• WHAT YOU HAVE TO DO:
In the records below, find the line with "Liar's Poker 2010 9780393338690 Front Cover" and the line with "casa vacanze HOLIDAY HOME - Housity". Print both exactly, along with every line between them, and no other line.
START THE DATA
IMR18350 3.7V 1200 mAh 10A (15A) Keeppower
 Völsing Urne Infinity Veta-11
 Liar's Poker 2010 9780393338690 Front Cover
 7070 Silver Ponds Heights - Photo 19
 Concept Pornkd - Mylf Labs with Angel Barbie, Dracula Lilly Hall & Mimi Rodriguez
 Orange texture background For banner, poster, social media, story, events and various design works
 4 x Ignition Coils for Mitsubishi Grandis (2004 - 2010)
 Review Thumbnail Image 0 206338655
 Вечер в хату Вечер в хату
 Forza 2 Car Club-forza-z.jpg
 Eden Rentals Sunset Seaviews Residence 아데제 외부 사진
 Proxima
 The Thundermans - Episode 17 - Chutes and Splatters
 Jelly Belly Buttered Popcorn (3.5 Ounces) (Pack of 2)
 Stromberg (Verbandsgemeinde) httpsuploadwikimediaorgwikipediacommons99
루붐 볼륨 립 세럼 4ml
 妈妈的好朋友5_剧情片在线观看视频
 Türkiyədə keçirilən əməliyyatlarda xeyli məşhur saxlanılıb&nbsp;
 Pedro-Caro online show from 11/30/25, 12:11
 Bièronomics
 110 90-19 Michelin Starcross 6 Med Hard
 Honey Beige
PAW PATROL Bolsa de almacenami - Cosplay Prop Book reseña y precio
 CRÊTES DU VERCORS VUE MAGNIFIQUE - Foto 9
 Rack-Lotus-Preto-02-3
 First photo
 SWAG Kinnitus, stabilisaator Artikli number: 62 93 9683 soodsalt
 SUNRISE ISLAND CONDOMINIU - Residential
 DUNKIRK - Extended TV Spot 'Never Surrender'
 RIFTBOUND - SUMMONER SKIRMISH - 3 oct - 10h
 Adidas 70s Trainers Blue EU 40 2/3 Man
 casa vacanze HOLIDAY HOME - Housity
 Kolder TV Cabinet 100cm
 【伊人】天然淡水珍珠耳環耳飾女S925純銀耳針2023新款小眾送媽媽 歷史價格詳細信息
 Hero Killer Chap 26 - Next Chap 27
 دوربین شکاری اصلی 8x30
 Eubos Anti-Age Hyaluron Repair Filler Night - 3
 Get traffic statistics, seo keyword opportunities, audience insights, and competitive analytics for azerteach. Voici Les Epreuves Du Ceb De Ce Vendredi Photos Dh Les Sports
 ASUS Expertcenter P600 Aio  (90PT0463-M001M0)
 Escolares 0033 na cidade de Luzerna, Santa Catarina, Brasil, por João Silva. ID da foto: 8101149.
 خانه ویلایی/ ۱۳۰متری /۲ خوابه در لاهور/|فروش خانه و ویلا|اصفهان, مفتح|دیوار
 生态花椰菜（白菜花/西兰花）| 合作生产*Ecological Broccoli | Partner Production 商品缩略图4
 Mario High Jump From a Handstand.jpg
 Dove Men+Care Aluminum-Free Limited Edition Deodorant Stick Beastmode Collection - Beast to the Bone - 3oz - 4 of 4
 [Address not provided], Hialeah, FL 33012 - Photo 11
END THE DATA
• SOLUTION TO THIS EXERCISE:
 Liar's Poker 2010 9780393338690 Front Cover
 7070 Silver Ponds Heights - Photo 19
 Concept Pornkd - Mylf Labs with Angel Barbie, Dracula Lilly Hall & Mimi Rodriguez
 Orange texture background For banner, poster, social media, story, events and various design works
 4 x Ignition Coils for Mitsubishi Grandis (2004 - 2010)
 Review Thumbnail Image 0 206338655
 Вечер в хату Вечер в хату
 Forza 2 Car Club-forza-z.jpg
 Eden Rentals Sunset Seaviews Residence 아데제 외부 사진
 Proxima
 The Thundermans - Episode 17 - Chutes and Splatters
 Jelly Belly Buttered Popcorn (3.5 Ounces) (Pack of 2)
 Stromberg (Verbandsgemeinde) httpsuploadwikimediaorgwikipediacommons99
루붐 볼륨 립 세럼 4ml
 妈妈的好朋友5_剧情片在线观看视频
 Türkiyədə keçirilən əməliyyatlarda xeyli məşhur saxlanılıb&nbsp;
 Pedro-Caro online show from 11/30/25, 12:11
 Bièronomics
 110 90-19 Michelin Starcross 6 Med Hard
 Honey Beige
PAW PATROL Bolsa de almacenami - Cosplay Prop Book reseña y precio
 CRÊTES DU VERCORS VUE MAGNIFIQUE - Foto 9
 Rack-Lotus-Preto-02-3
 First photo
 SWAG Kinnitus, stabilisaator Artikli number: 62 93 9683 soodsalt
 SUNRISE ISLAND CONDOMINIU - Residential
 DUNKIRK - Extended TV Spot 'Never Surrender'
 RIFTBOUND - SUMMONER SKIRMISH - 3 oct - 10h
 Adidas 70s Trainers Blue EU 40 2/3 Man
 casa vacanze HOLIDAY HOME - Housity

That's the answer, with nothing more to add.